TASK DETAILS
Below is a listing; print exactly its lines from the one containing "Pytloun Design Self Check-in 4*" down to the one containing "Hape Countryside Train", both inclusive, with every picture left out.

Start of DATA

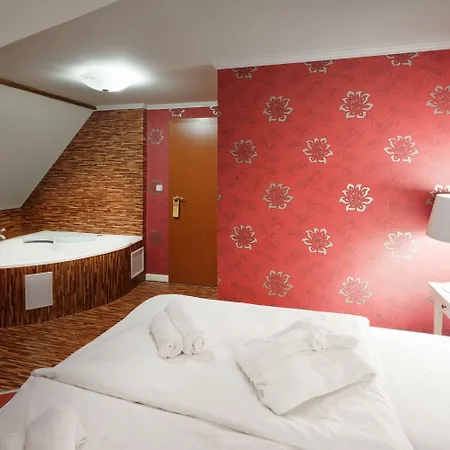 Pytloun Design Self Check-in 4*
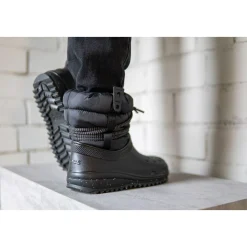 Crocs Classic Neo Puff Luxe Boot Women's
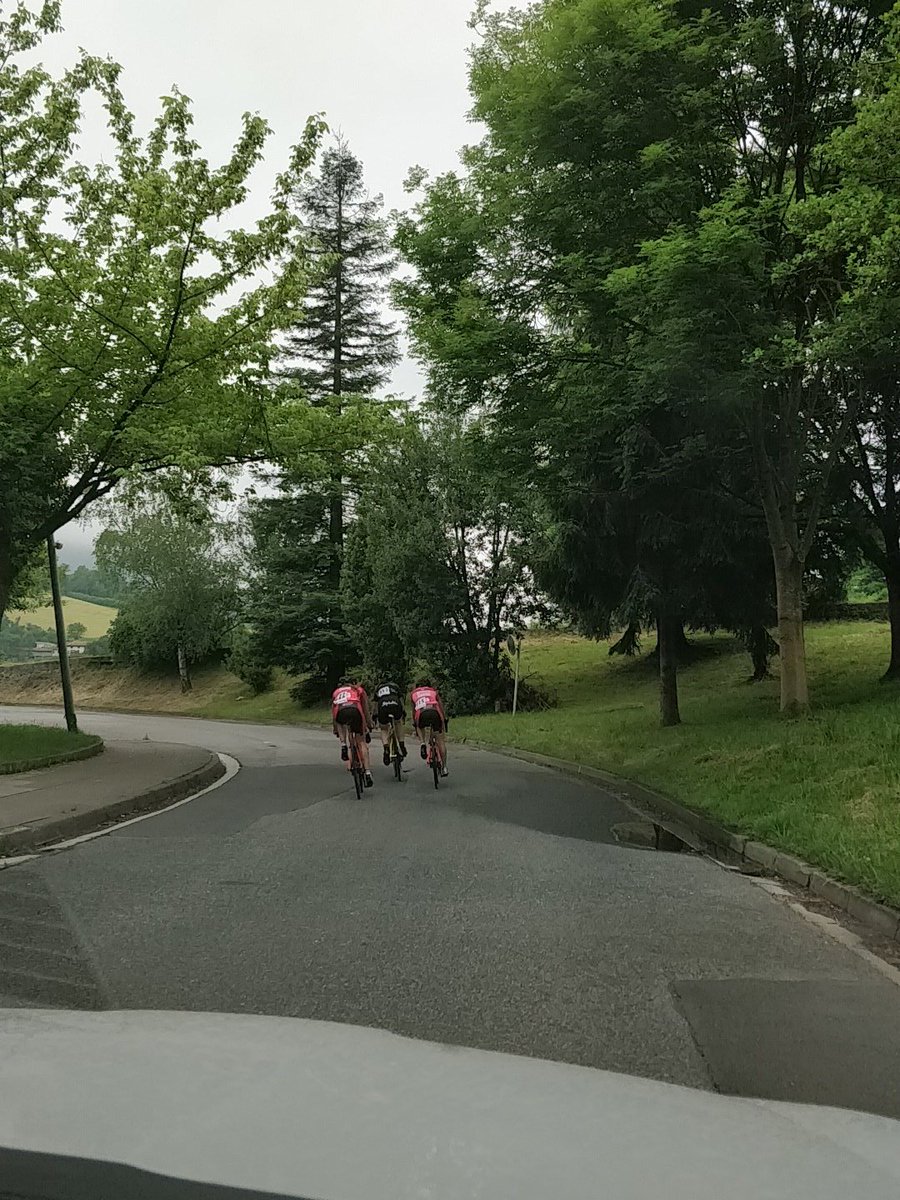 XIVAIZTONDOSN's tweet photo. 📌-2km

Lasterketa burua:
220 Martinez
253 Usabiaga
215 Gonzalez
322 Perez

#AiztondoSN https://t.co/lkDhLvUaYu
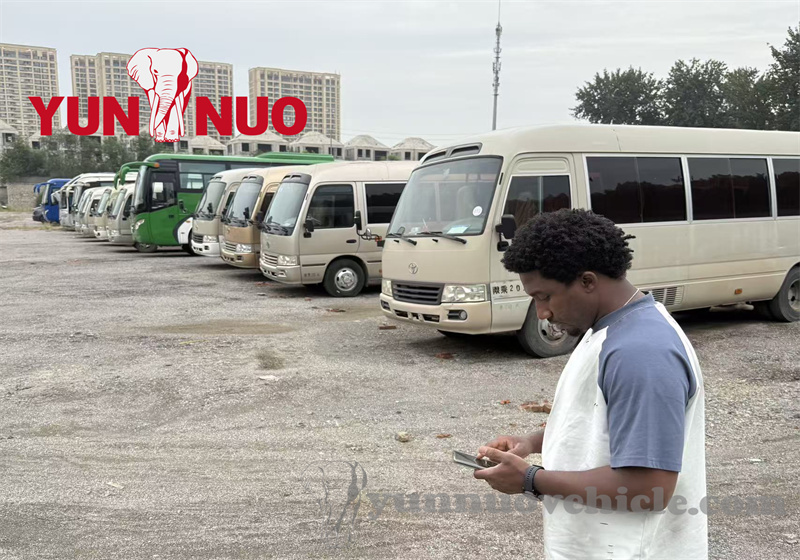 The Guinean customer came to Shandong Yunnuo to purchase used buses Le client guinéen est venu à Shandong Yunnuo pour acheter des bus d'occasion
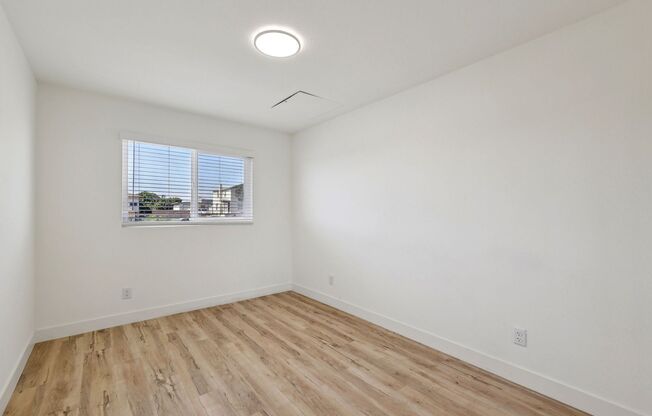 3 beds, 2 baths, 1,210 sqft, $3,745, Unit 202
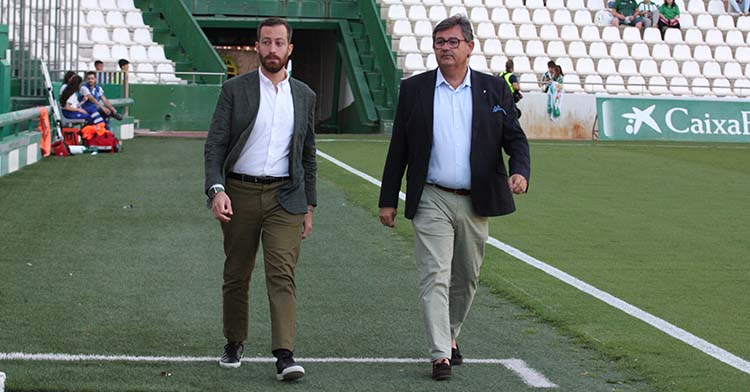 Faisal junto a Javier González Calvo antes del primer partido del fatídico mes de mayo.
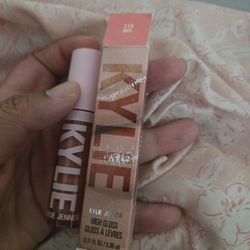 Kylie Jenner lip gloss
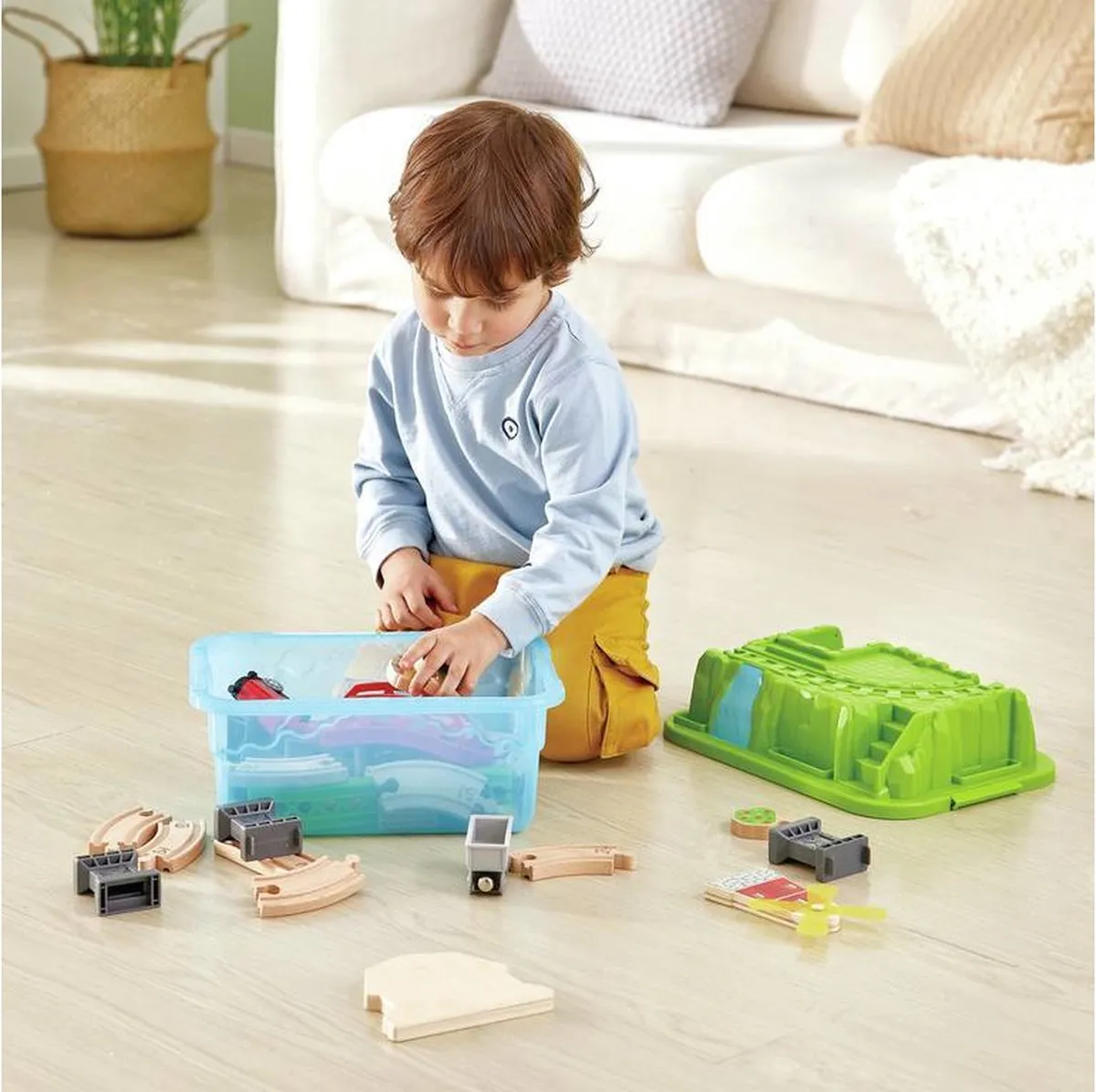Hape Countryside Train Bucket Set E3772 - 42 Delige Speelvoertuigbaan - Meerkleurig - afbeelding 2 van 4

End of DATA
Start of DATA

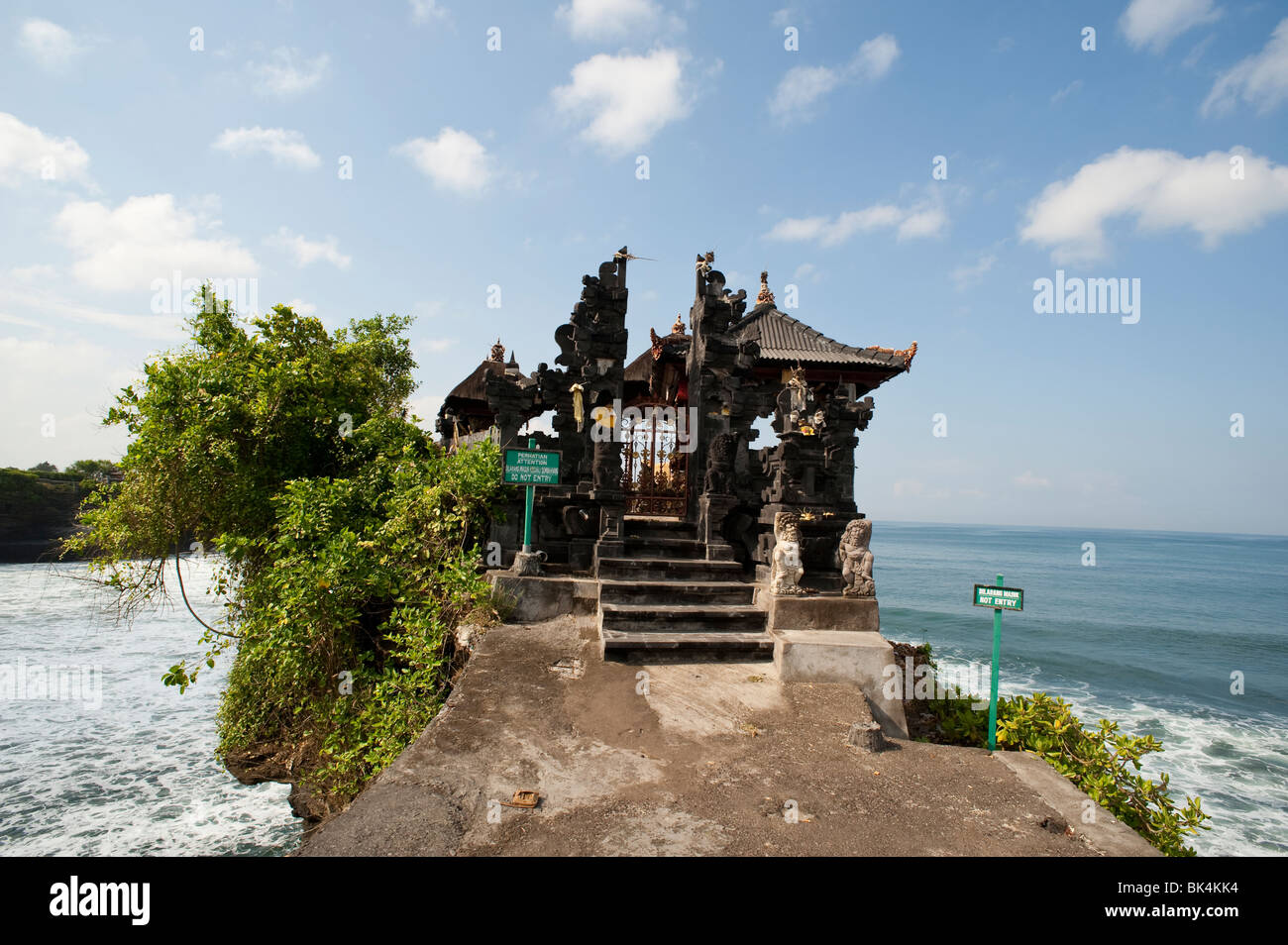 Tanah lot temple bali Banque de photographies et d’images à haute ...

End of DATA

ANSWER
 Pytloun Design Self Check-in 4*
 Crocs Classic Neo Puff Luxe Boot Women's
 XIVAIZTONDOSN's tweet photo. 📌-2km

Lasterketa burua:
220 Martinez
253 Usabiaga
215 Gonzalez
322 Perez

#AiztondoSN https://t.co/lkDhLvUaYu
 The Guinean customer came to Shandong Yunnuo to purchase used buses Le client guinéen est venu à Shandong Yunnuo pour acheter des bus d'occasion
 3 beds, 2 baths, 1,210 sqft, $3,745, Unit 202
 Faisal junto a Javier González Calvo antes del primer partido del fatídico mes de mayo.
 Kylie Jenner lip gloss
Hape Countryside Train Bucket Set E3772 - 42 Delige Speelvoertuigbaan - Meerkleurig - afbeelding 2 van 4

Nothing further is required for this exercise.